Monday, May 25, 2009

Tobit.

Since I finished translating the account of the martyrs of Vienne and Lyons, I've decided to do some translation from the Septuagint (the Greek scriptures that Early Christians came to view as the Old Testament), esp. from those texts that were originally composed in Greek and only survive in Greek, and perhaps to do this in conjunction with a second-career doctoral student I know who is Jewish himself, and studies rabbinics against the background of the Greek and Roman world.

Anyhow, all at the end of last week I was translating Tobit, and I couldn't put it down, esp. since I got to the part where a bird shits in his eye and he goes blind.

But, right before that, my pen ran out (the pen I use to write down vocab words I don't know onto index cards, so I have the vocab handy again if I ever have to pick up the text and translate it or teach it), and I had to ransack my house for a working pen, only to find that there was only one left in my entire house, and that it was from Jewish Theological Seminary, since a rabbi from there who came to speak on campus last year gave out free pens at the end of his talk!
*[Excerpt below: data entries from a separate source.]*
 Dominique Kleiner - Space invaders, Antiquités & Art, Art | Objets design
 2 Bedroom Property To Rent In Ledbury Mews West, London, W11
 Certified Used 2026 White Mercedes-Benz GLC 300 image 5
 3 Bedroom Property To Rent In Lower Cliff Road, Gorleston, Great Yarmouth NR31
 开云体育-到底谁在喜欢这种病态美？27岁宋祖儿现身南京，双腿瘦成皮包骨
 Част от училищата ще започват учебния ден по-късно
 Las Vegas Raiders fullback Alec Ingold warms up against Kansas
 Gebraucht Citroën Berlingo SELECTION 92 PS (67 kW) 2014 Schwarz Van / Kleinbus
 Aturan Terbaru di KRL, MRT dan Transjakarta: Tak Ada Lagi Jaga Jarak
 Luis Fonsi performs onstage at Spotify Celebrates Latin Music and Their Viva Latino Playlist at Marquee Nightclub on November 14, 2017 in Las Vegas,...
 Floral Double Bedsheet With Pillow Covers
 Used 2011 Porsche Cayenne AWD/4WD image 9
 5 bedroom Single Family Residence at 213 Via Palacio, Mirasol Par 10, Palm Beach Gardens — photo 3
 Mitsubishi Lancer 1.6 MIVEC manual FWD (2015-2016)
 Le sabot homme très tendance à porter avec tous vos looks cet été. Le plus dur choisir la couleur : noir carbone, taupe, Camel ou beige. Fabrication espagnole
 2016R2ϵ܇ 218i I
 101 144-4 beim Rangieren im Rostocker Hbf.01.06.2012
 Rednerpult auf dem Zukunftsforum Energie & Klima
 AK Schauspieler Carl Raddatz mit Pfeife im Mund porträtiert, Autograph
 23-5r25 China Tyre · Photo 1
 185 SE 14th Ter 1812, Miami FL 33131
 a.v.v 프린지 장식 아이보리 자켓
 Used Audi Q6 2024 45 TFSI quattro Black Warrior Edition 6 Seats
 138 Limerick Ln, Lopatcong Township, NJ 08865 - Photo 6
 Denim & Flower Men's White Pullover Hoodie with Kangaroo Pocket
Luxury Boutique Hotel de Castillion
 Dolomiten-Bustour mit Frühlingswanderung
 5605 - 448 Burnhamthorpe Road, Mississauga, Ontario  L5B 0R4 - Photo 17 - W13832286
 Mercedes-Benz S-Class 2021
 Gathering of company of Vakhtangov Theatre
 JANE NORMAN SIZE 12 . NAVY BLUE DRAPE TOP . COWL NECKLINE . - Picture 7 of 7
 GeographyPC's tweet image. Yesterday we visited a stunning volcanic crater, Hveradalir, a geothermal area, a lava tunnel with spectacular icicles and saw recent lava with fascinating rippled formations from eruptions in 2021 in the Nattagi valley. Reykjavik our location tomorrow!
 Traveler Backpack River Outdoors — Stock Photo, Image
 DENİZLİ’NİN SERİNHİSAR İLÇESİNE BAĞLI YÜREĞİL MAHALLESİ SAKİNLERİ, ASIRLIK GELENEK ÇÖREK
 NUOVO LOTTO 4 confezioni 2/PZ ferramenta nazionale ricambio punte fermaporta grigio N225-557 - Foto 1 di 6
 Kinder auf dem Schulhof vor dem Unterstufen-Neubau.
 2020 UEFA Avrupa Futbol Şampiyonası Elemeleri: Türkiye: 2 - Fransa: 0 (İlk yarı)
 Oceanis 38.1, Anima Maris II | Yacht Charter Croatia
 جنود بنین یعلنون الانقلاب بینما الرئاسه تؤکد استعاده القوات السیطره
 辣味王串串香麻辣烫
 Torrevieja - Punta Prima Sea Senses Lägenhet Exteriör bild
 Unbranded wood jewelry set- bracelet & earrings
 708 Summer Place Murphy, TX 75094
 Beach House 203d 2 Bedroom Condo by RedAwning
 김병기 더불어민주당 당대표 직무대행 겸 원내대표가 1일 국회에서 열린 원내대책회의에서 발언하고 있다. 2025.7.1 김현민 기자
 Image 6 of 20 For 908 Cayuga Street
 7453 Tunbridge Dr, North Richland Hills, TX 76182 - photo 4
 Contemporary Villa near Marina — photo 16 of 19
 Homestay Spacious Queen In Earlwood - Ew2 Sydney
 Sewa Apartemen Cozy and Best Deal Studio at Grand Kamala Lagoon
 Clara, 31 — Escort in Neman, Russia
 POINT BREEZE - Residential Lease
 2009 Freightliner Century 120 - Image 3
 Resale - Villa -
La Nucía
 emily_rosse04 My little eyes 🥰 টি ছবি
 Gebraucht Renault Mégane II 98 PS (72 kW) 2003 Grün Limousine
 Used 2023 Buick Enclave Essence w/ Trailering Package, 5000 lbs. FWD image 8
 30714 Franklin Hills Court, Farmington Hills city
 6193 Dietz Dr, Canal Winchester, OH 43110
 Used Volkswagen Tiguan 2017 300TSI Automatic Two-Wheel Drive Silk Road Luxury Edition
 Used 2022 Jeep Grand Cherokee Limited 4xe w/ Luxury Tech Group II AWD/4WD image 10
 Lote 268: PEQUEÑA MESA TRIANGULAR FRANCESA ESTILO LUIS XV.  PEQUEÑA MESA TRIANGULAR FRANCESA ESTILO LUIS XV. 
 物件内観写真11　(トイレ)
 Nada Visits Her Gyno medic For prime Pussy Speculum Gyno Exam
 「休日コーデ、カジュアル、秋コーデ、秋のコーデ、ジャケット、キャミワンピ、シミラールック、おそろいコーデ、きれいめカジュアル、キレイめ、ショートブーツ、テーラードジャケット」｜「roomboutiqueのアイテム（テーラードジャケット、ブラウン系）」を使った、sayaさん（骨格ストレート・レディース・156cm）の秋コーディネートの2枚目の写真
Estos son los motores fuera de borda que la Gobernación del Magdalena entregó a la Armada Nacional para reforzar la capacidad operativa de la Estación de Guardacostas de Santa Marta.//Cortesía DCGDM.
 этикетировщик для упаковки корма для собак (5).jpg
So, I thought that that was very appropriate to use in writing down words from a Jewish text, but then I remembered that my last pen was from a bank, and that that was kind of appropriate too.

2 comments:

JUSIPER said...

You're a disgrace. Btw, is it possible that a bird shit in your pen and that was why it stopped writing?

el blogador said...

I forgot -

Like two months ago I was walking up the block to turn to go into my door, and from half a block away I saw this bird shit fly down and land between the dollar store owner and the produce store owner, who were outside smoking and chatting with one another, and they jumped back. They were very lucky it didn't hit them.